Blend until the paste is fine – the lemongrass stalks and the galgangal are very hard and woody so you want to get this as fine as possible so you don’t end up with bits on your tongue as you eat (as I did). My paste below is way too coarse.
Cook is generous amount of oil til it is fragrant.
Stir with wooden spoon and cook until the oil splits or seems to separate from the ingredients. Be careful not to burn the paste otherwise you’ll have to start over. Now because I had added so much water to the blender my paste didn’t split. So I just cooked it for about 8 minutes. Those with a drier paste should observe the oil splitting rule.
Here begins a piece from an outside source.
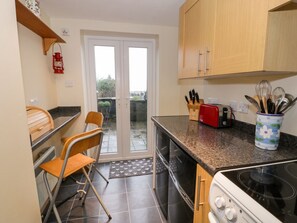 Cottage | Private kitchen | Stovetop, dishwasher, cookware/dishes/utensils - Edrydd (Harlech)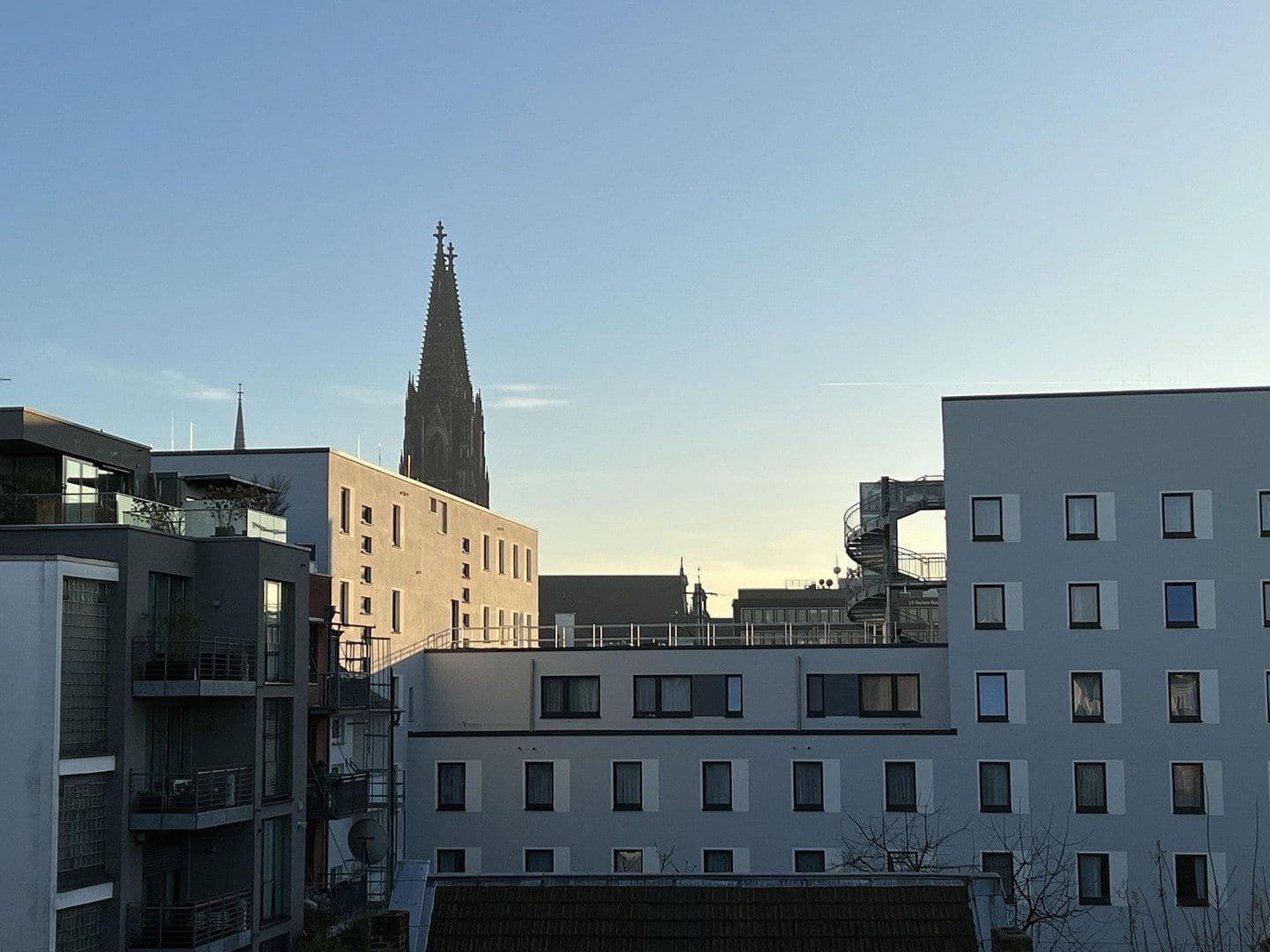 Pronájem bytu 1+1 30 m², Köln, Severní Porýní-Vestfálsko Pronájem bytu 1+1 30 m², Köln, Severní Porýní-Vestfálsko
Add 1.25 litres water, the laksa leaves, the dried tamarind pieces, and the tamarind juice. Season with salt, sugar and soy sauce.
Taste as you go, adding slowly until you get the taste you want (more sweet, more sour…).
When you have got the soup the way you want it to taste, you can add your fish and okra. I couldn’t find any fresh okra so I substituted with trimmed green beans. We sometimes use fresh fish but more often use canned sardines in tomato sauce, an unorthodox substitution that is absolutely delicious. Use your wooden spoon to break up the fish into the soup.
Bring to boil and then simmer for 10 minutes.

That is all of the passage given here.